Ukuran-Ukuran Kemiskinan

Menurut Badan Pusat Statistik (BPS,2004), tingkat kemiskinan didasarkan pada jumlah rupiah konsumsi berupa makanan yaitu 2100 kalori per orang per hari dan konsumsi nonmakan. Patokan kecukupan 2100 kalori ini berlaku untuk semua umur, jenis kelamin, tingkat kegiatan fisik, berat badan, serta perkiraan status fisiologis ukuran penduduk, ukuran ini sering disebut juga dengan garis kemiskinan. Penduduk yang memiliki garis kemiskinan dibawah maka dinyatakan dalam kondisi miskin.

Kemiskinan DI NTT

Perkembangan angka kemiskinan di Nusa Tenggara Timur mencerminkan beratnya beban pemerintah dalam pengentasan kemiskinan penduduknya. Berdasarkan data yang didapat dari BPS, kabupaten yang memiliki jumlah penduduk miskin tertinggi di provinsi NTT yaitu kabupaten Timor Tengah Selatan dengan jumlah penduduk miskin tahun 2010 sebanyak 126.600 jiwa (28,69 persen) dari total penduduk 441.155 jiwa. 

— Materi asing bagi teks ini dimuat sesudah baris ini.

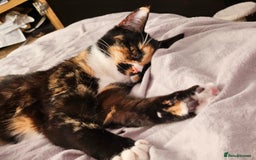 British Shorthair cats for sale: Female Cat  - Image 3
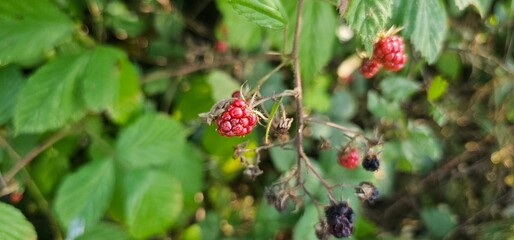 A bush of many ripe blackberries (Rubus fruticosus). they are in red and violet colors.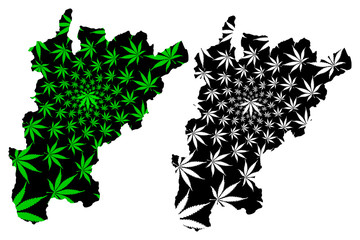 Uri (Cantons of Switzerland, Swiss cantons, Swiss Confederation) map is designed cannabis leaf green and black, Canton of Uri map made of marijuana (marihuana,THC) foliage.... - obrazy, fototapety, plakaty
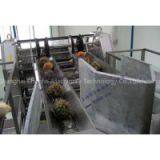 Pineapple Processing Line thumbnail-2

Tingginya tingkat kemiskinan di Kabupaten Timor Tengah Selatan dikarenakan, secara topografis wilayah kabupaten TTS memiliki curah hujan yang rendah sehingga lahan di wilayah tersebut umumnya kering dan tandus, selain itu sektor pertanian (95,3 persen) masih memegang peranan penting karena sebagian besar penduduk bekerja dan mengandalkan hidupnya dari pertanian (Amelia, 2012).

Gambaran tingkat pendidikan penduduk wilayah kabupaten TTS memiliki tingkat pendidikan yang rendah, indikator ini dapat ditunjukan dengan rata-rata lama sekolah pada tahun 2009 rata-rata lama sekolah Timor Tengah Selatan adalah 6,12 tahun berarti hanya menyelesaikan pendidikan sampai pada kelas enam SD. Sedangkan, untuk jumlah penduduk miskin terendah berada di Kota Kupang sebagai ibukota Provinsi Nusa Tengggara Timur. 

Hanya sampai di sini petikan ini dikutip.